Il s'agissait d'un constat, et non d'une question. Qarina ne possédait pas de miroir, Iseult n'avait pas eu le loisir de voir l'étendu des dégâts. Le regard des autres ne trompait pas. Le vampire écarta le haut de sa chemise, un bleu colorait son épaule.
– Ils méritent la peine de mort ! cracha Judith, nous n'allons pas les laisser s'en sortir !
– Il va y avoir un procès, confirma Caeriel, ils ne s'en sortiront pas indemne.
– Morgan ne sera jamais puni, souffla Iseult.
Son père le protégerait. Le seul moyen serait qu'elle le tue elle-même, puis qu'elle s'exile ou qu'elle accepte la prison.
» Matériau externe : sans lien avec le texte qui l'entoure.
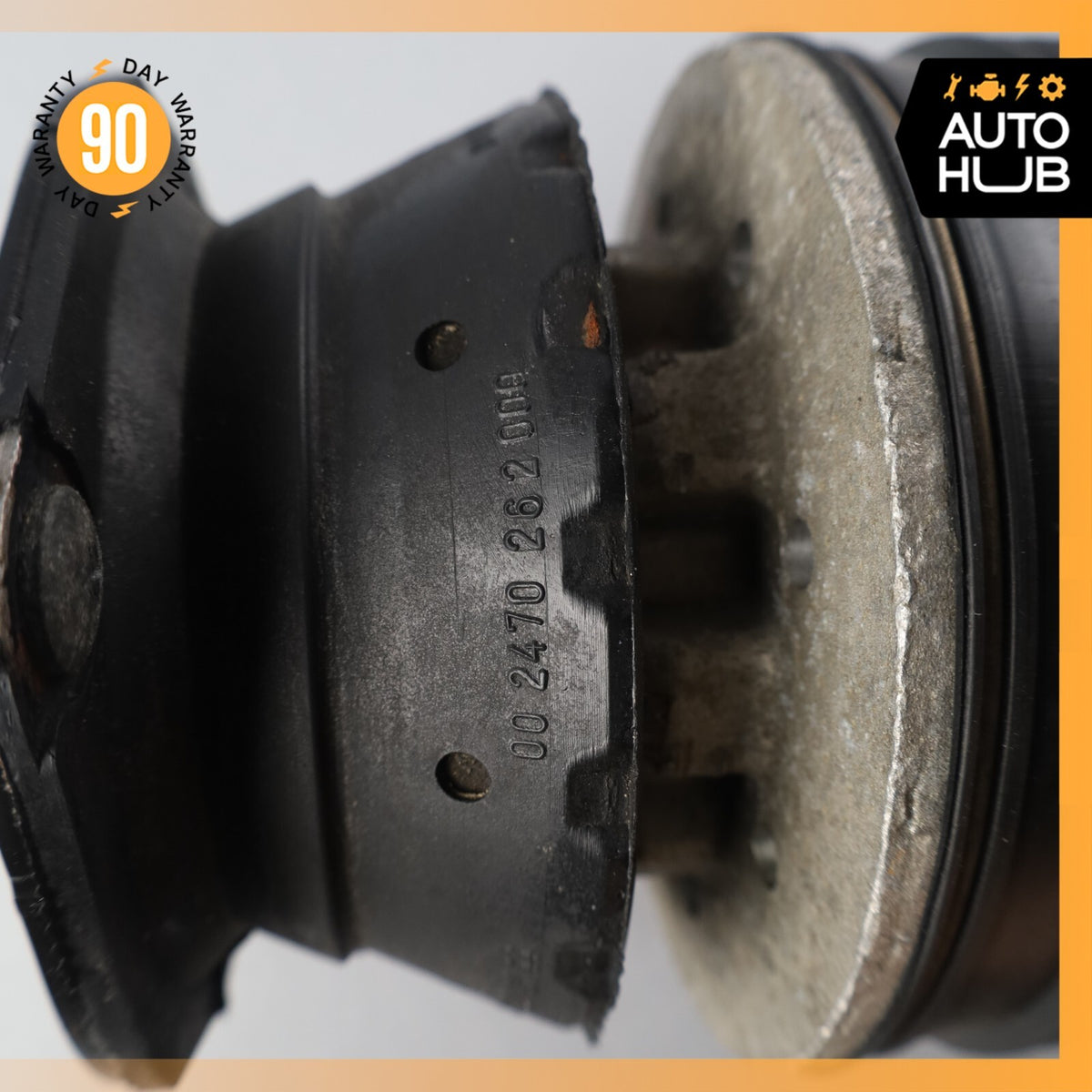 07-12 Mercedes R230 SL550 SL600 Rear Left Driver Side Shock Strut Hydraulic OEM - photo 13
Elle voulait qu'il paie.
– Les autres demandent réparation, souffla Caeriel las, certains veulent même la guerre.
– C'est de ma faute, se lamenta Iseult.
– Je t'interdis de dire ça ! cria Judith.
Elle s'était penchée sur elle, le regard brûlant de rage.
– Nathaniel t'aimait ! Tu l'aimais aussi ! Il refuserait que tu tiennes ce genre de propos, tu m'entends ?
Iseult hocha la tête, surprise d'un tel déchainement de passion. Elle ne sut quoi répondre alors que Judith l'attirait brièvement contre elle puis alla s'asseoir derrière le secrétaire. Ses ongles parfaits claquaient à un rythme régulier contre le bois.
– Vous auriez le droit, souffla Iseult, de réclamer la guerre.
– C'est vrai. Mais crois-tu que c'est ce que Nathaniel voudrait ? Ou même ce que toi tu souhaites ?
– Non... les coupables ne sont que quelques chasseurs. Je veux qu'ils paient.
– Et ils paieront, assura Caeriel, je vais faire venir un guérisseur. Iseult, les jours à venir seront difficiles. Il y aura un procès, tu vas devoir témoigner. Ils vont essayer de te faire peur.
– Il ne me font pas peur, répondit-elle avec aplomb.
– Quoi qu'il en soit, tu vas revivre des évènements traumatisants. Tu vas devoir parler de... Nathaniel, de ce qui s'est passé.
– Je sais.
Ce serait difficile. Parler lui demanderait ses dernières forces, du courage aussi. Même si elle s'en savait capable, cela la marquerait. Déjà lasse et épuisée, elle se laissa retomber dans le lit trop grand. La chambre lui paraissait aussi vide que son cœur. Caeriel décida de la laisser, il obligea à Judith à faire de même pour la laisser avec Ermeline. Cette dernière, bien que triste, restait plus calme que la vampire. Iseult décida de se changer pour aller dormir, incapable de faire quoi que ce soit d'autre. Elle se découvrit ainsi dans le miroir, nue, son corps parsemé de tâches violettes, verdâtres pour certaines. Ses côtes étaient bleues d'un côté. Elle y passa sa main pour constater les dégâts. Bien que silencieuse, Ermeline ne pouvait cacher l'horreur que la chasseuse lisait dans ses yeux. Son visage était une catastrophe avec sa lèvre boursoufflée, et l'hématome sur sa joue droite. Elle ne se reconnaissait même pas. Si on lui avait assuré qu'il s'agissait de quelqu'un d'autre, elle l'aurait cru. Ce corps, ce visage, rien n'était elle. Ses doigts caressèrent la vitre froide et lisse à la recherche d'une présence fantôme. Malgré la présence de son amie, elle se retrouvait plongée dans une immense solitude. Quand elle en eut assez de cet affreux reflet elle s'habilla pour se glisser dans le lit, à la manière d'une poupée dépourvue de volonté, elle tomba entre les draps. Ermeline s'allongea près d'elle. Elle aussi semblait avoir besoin d'un soutient, d'une présence. Elles seraient là l'une pour l'autre, au moins pour une nuit.